1841 Rifle Remington
The 1841 rifle was the first percussion rifle adopted by the US. They were produce at Harper's Ferry Armory and by a number of contractors. Remington received a contract to produce 5,000 1841 rifles in 1845. He had some difficulty starting up production and his first delivery of 1240 rifles, was in 1850. 2,000 were delivered in 1851 and the remaining 1,760 were delivered in 1852. An contract for an additional 5,000 was issued in 1853 and Remington completed deliveries on the second contract, and their total production of 1841 rifles was 10,000. in April 1861, 5,000 Remington 1841 rifles were sent to New York for Arming volunteers from New York, The original design of the 1841 rifle did not have provisions for a Bayonet. The state of New York had 3,268 of their 1841 rifles altered by Remington to accept a saber bayonet. The New York Adjutant General report listed 2,180 1841 rifles altered to socket bayonet. Thus it appears that all 5,000 Remington 1841 rifles received by New York were altered to accept a bayonet.
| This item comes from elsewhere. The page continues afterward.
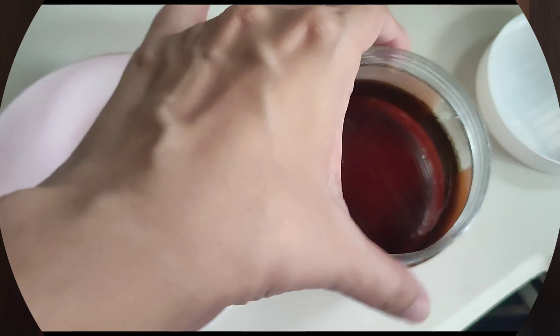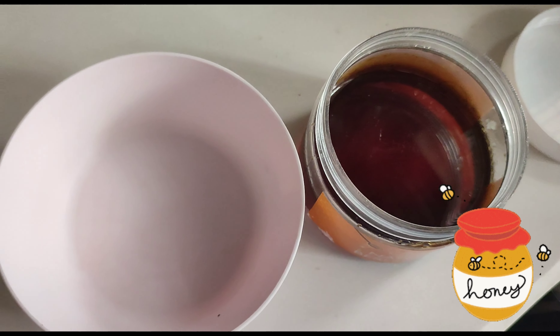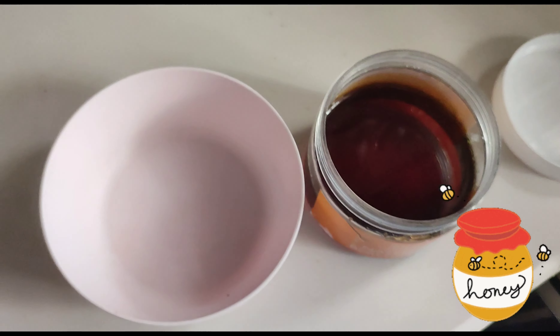Hello everyone, today we will try the most viral Korean rice face mask because it is very viral on TikTok and Instagram. Let's try it.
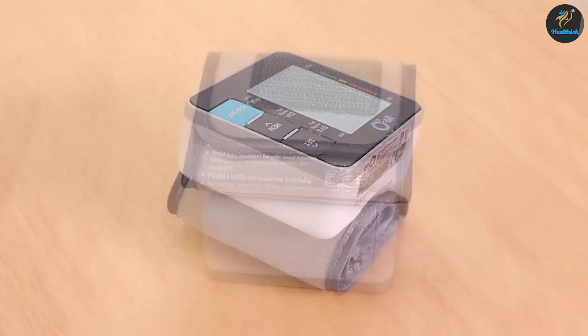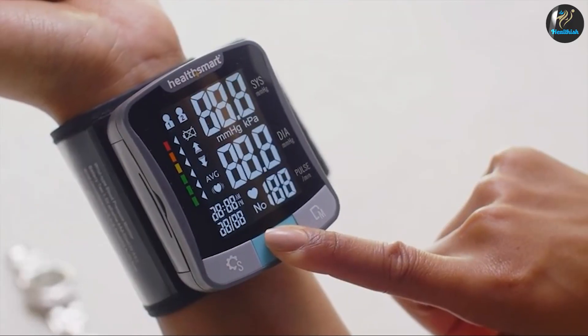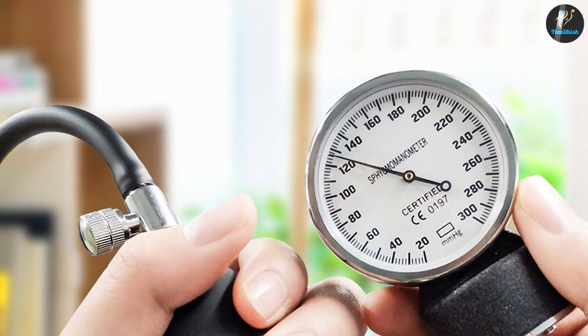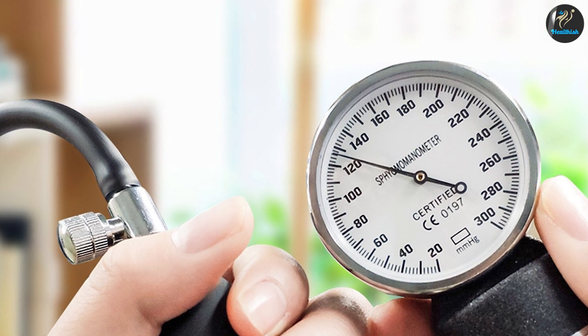There are also some automatic monitors that can be operated by batteries, which may be a consideration for people who do not have access to electricity. More doctors are encouraging their patients to use home blood pressure monitors to monitor their blood pressure on a regular basis, making it easier to do so.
In 1860 the secretary of War distributed 4000 Remington 1841 rifles to Southern Arsenals with most going to Fayetteville NC and Charleston SC. In Charleston, J H Happoldt contracted to alter 1841 rifle to accept a bayonet. His receipts show he altered at least 338. With the alteration of the New York rifles, unaltered 1841 rifles have a strong chance of coming from the 4000 sent south in 1860.
This example is dated 1850 on the lock and 1849 on the barrel. It probably was in the first shipment from Remington in 1850. It has not been altered to accept a bayonet and is in the original 54 caliber. It is all original. The metal is a pleasing grey patina with scattered areas of light pitting. The lock is a grey patina with some scattered pitting. The stamping are readable and look lightly stamped. The tail of the lock says "US" over "1850" and in front of the hammer is "REMINGTON'S" over "HERKIMER" over "NY" The barrel proofs are clear and deeply stamped while the date is lightly stamped and says "1849" The front and rear sight are present and the bore has nice rifling. The ramrod is original and correct for this model. The stock is solid with a strong "WAT" cartouche and the other cartouche is readable. It does have a piece of wood missing from along the side of the barrel tang. The brass furniture has a little "M" stamped on it as does the barrel. The barrel is marked "STEEL" on the left side of the Barrel. It is interesting that Remington used cast Steel for his barrels for his entire production. Both Harper's Ferry and Whitney converted to using Steel in their barrels during their production runs.